• _Task details_: Every line of the data below should be retyped exactly, with no images carried over.

• _Data excerpt_:
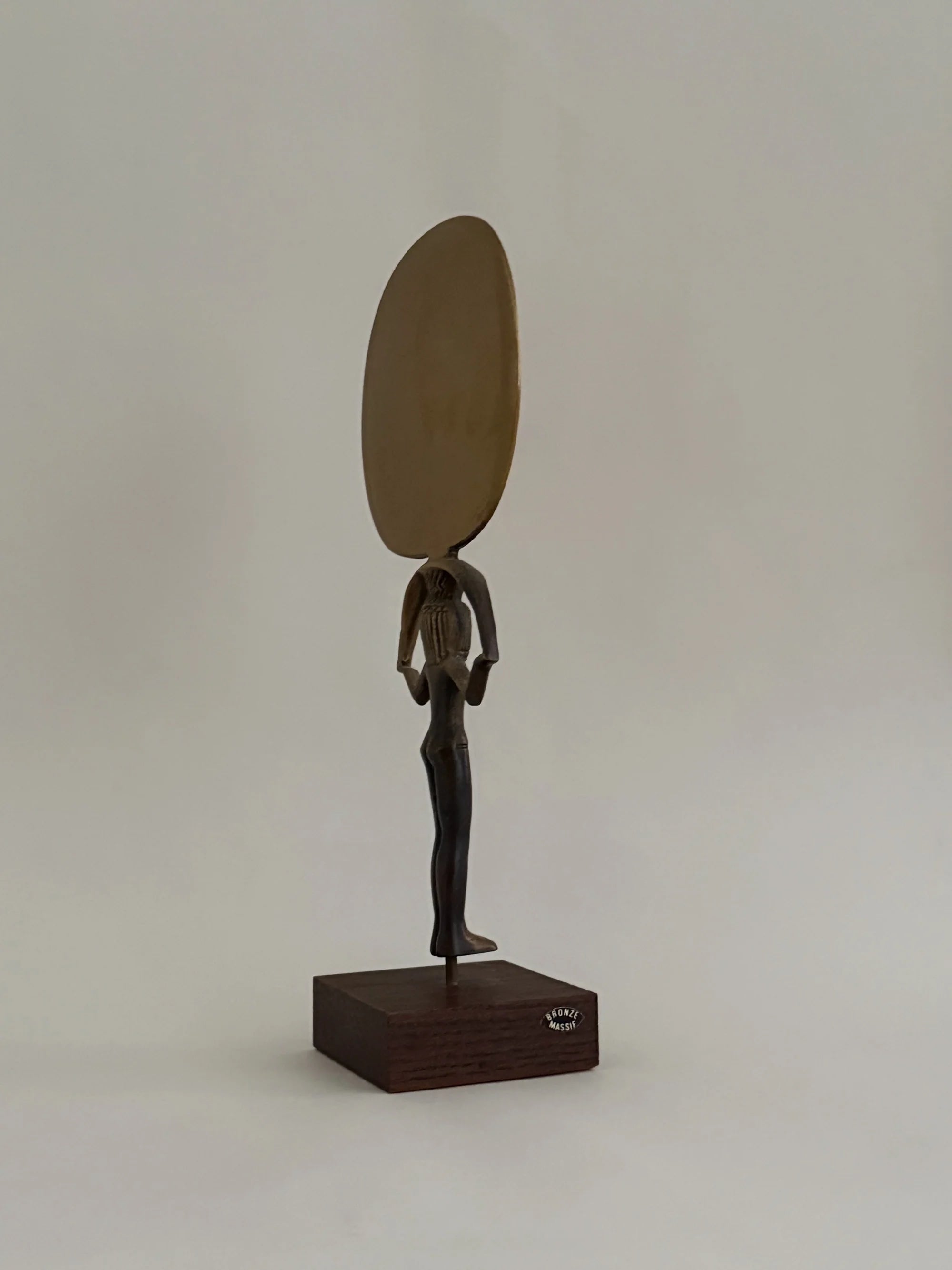 Bronze Sculpture of Isis Holding a Mirror — angled view on wooden base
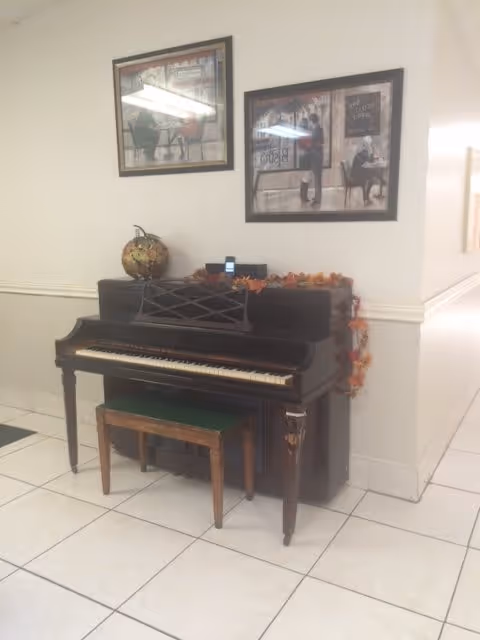 An upright piano with a wooden bench placed in front of it, decorated with a small globe and autumn-themed garland on top. Two framed pictures hang on the wall above the piano. The setting appears to be a clean, tiled indoor hallway or common area.
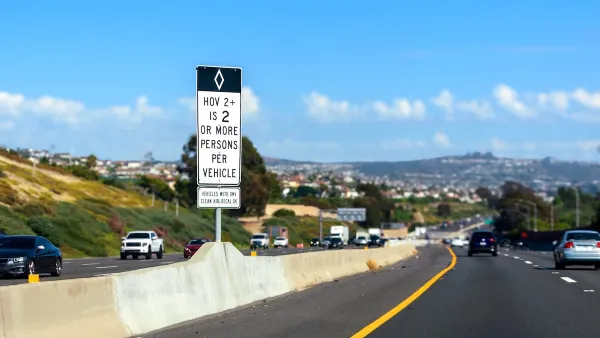 Sign for HOV lane for carpools 2+ on California freeway.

• _Exercise answer_:
 Bronze Sculpture of Isis Holding a Mirror — angled view on wooden base
 An upright piano with a wooden bench placed in front of it, decorated with a small globe and autumn-themed garland on top. Two framed pictures hang on the wall above the piano. The setting appears to be a clean, tiled indoor hallway or common area.
 Sign for HOV lane for carpools 2+ on California freeway.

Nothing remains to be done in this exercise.